А.И.Масс-культура — это не объект, это тип потребления. В американской модели все должно быть упаковано, стандартизовано и очень быстро потреблено. Вы читаете Пушкина как расписание электричек. Выбираете, какая нужна станция, и — вперед. Европейско-российская масс-культура несколько иная. Да, образы, произведенные большевизмом или национал-социализмом, получили массовое распространение. Но эти образы не предполагали быстрого потребления, хотя, конечно, для простых людей некоторые вещи были ускоренно адаптированы. Но, к примеру, наша или немецкая архитектура предполагали медленное, осмысленное потребление. Понятие смысла ставилось во главу угла. В принципе как только вы нечто подобным образом потребляете, то вырываете это из пространства масс-культуры. Проблема в том, что эта медленность сегодня становится практически невозможной.
"ЗАВТРА". Неизбежный вопрос: почему вы решили издать "Господин Гексоген"?
А.И.Понравился. По-настоящему понравился.

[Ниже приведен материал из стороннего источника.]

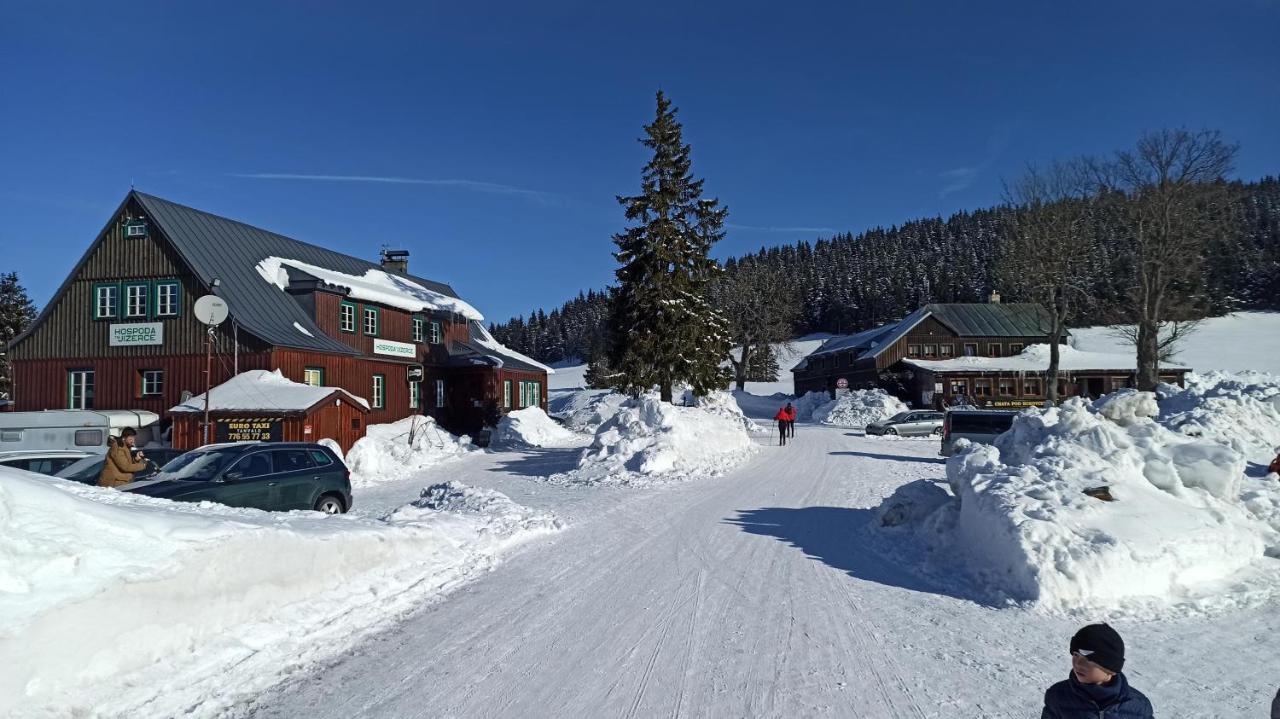 Utulny Byt V Jizerskych Horach -Apartman Mili Kořenov Exteriör bild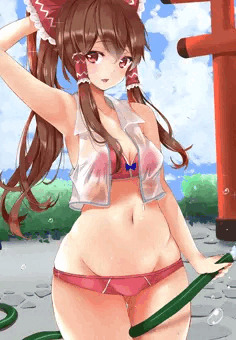 霊夢の水着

Когда я читал роман, то периодически смотрел в окно, и что-то на несколько миллиметров постоянно сдвигалось. Практически физическое восприятие. Потом, это литература с невероятным ощущением истории. История наваливается. Я читал и почему-то вспомнил фотографию 1947 года, где изображен мой молодой дед с бабкой в Гаграх. Я вообще это фото забыл, мне его показывали в 5 лет. Проханов с легкостью выдвигает забытый советский массив истории. На мой взгляд, Проханов был более советским, чем сама советская система (потому-то он для консерваторов непонятен). Он был гиперсоветский. Как-то в беседе он рассказал примечательную вещь. Его в семидесятом году пригласили в Шушенское как корреспондента. Отмечалось 100-летие со дня рождения Ленина. В музее — плесень, тараканы. А на следующий день повезли на Саяно-Шушенскую ГЭС. "Когда я увидел 150 метров плотины, устремленных в небо, бетонную скалу, перекрывающую реку,— понял: вот это и есть Ленин",— сказал Проханов. Это абсолютно крамольная вещь для какого-нибудь Суслова и прочих. Вот эта гиперсоветскость делает Проханова футуристом. Такими были Бурлюк, Хлебников.